- EXERCISE DIRECTIONS
The copy has to match the records word for word and include no pictures.

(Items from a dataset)
[Start of Attachment]

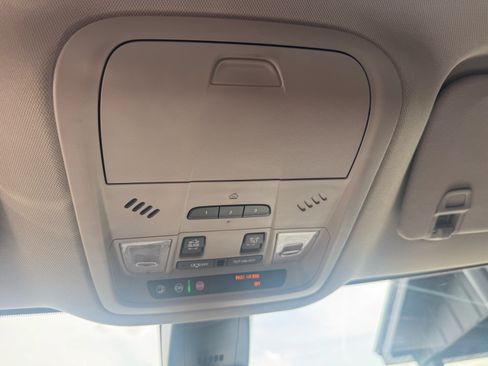 Used 2019 Buick Enclave Avenir w/ Avenir Technology Package AWD/4WD image 23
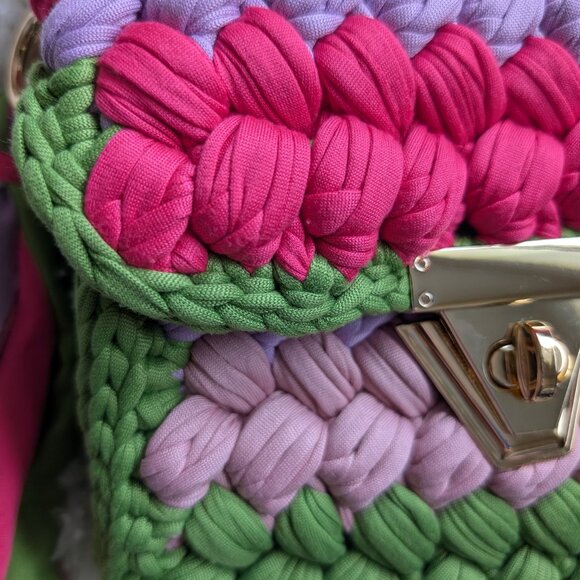 NEW Chunky Knit Crochet Crossbody Bag – Colorful, Unique & Handmade Look! - Picture 9 of 14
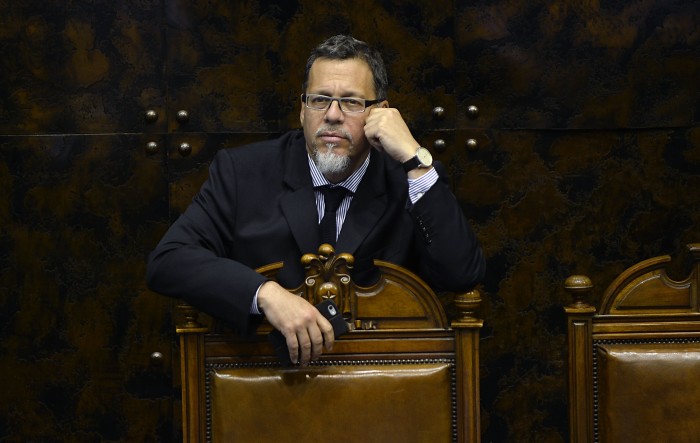 Video registra pelea entre Lagos Weber y Pizarro en votación por elección de intendentes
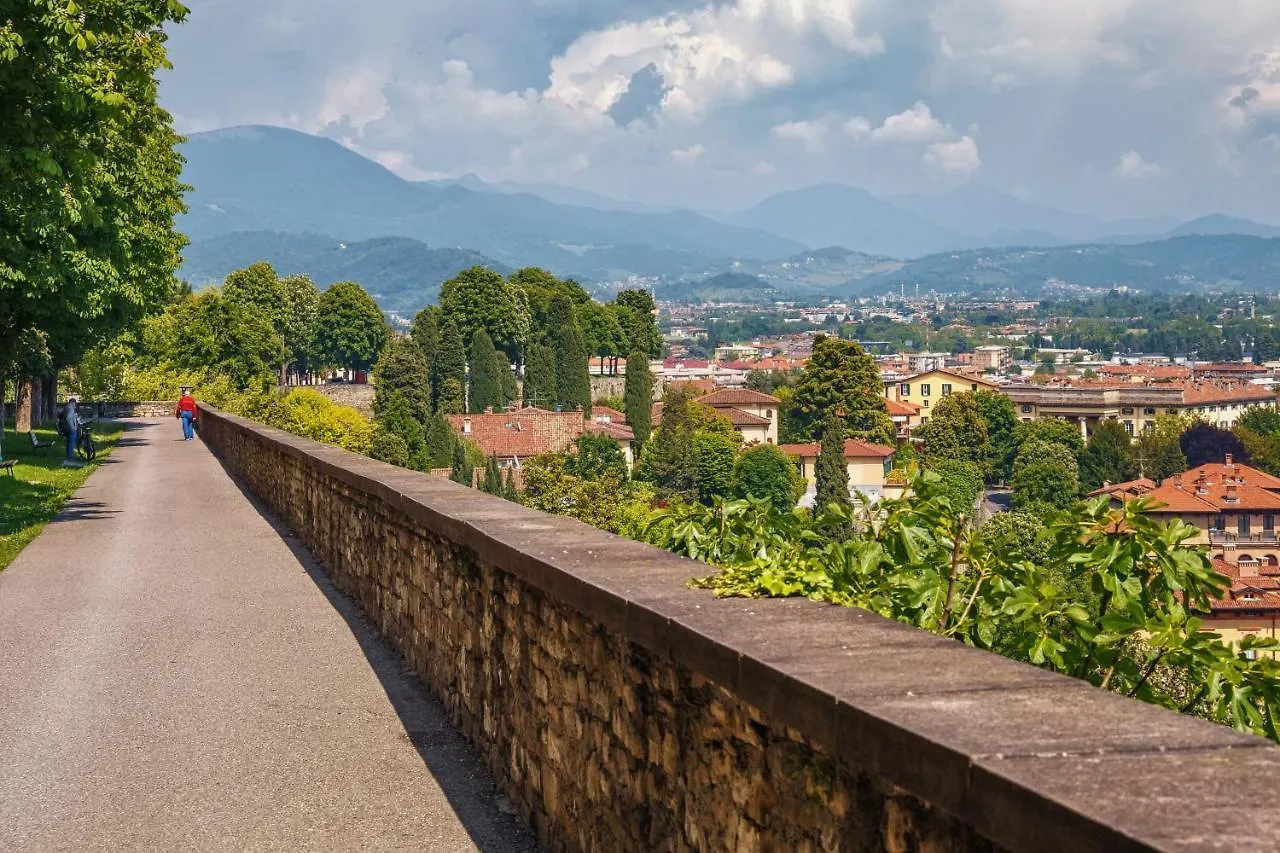 Quarenghi16 Hotel Bergamo Guest house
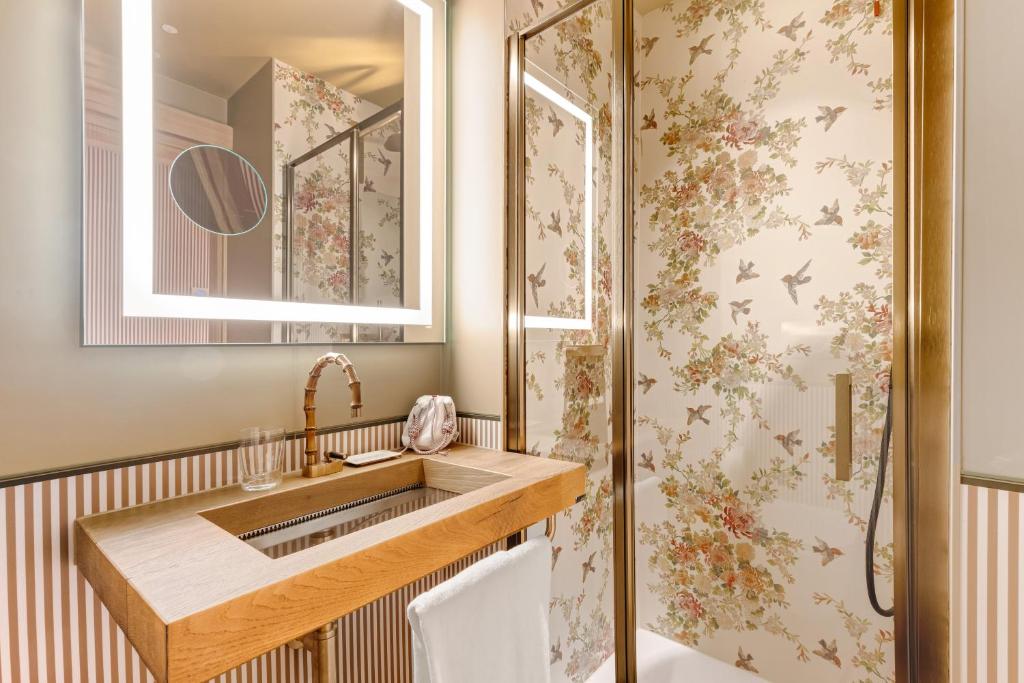 QC Room Milano Porta Romana - Resim 3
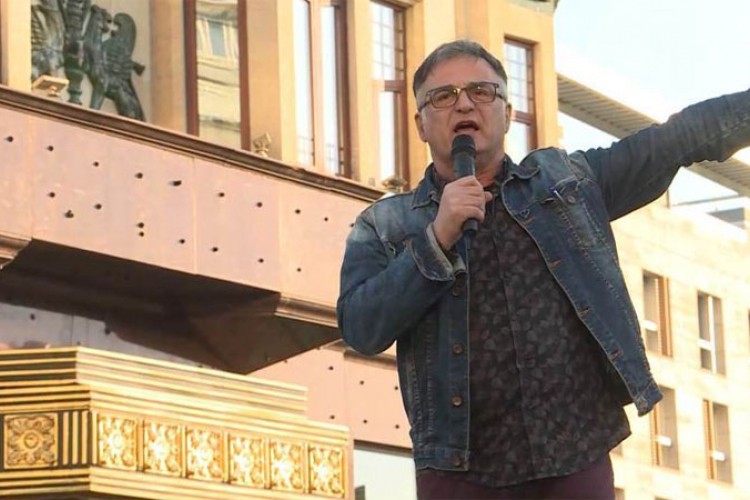 Na protestu u Beogradu, saopšten "tim za pregovore"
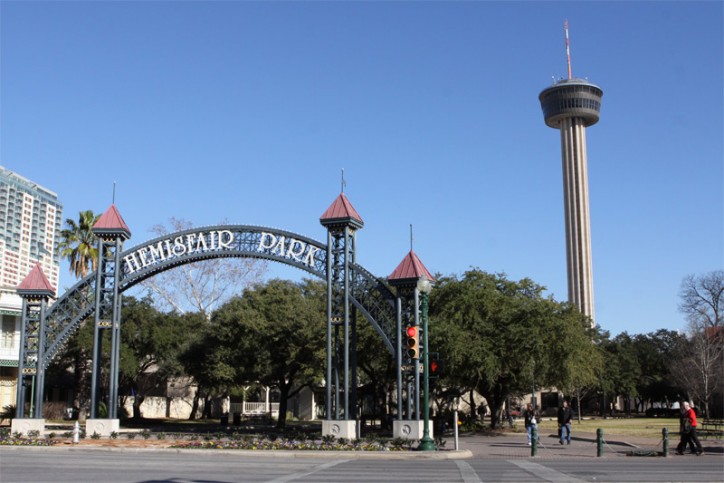 A Tower of the Americas e a entrada do Hemisfair Park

[End of Attachment]

- WORKED SOLUTION
 Used 2019 Buick Enclave Avenir w/ Avenir Technology Package AWD/4WD image 23
 NEW Chunky Knit Crochet Crossbody Bag – Colorful, Unique & Handmade Look! - Picture 9 of 14
 Video registra pelea entre Lagos Weber y Pizarro en votación por elección de intendentes
 Quarenghi16 Hotel Bergamo Guest house
 QC Room Milano Porta Romana - Resim 3
 Na protestu u Beogradu, saopšten "tim za pregovore"
 A Tower of the Americas e a entrada do Hemisfair Park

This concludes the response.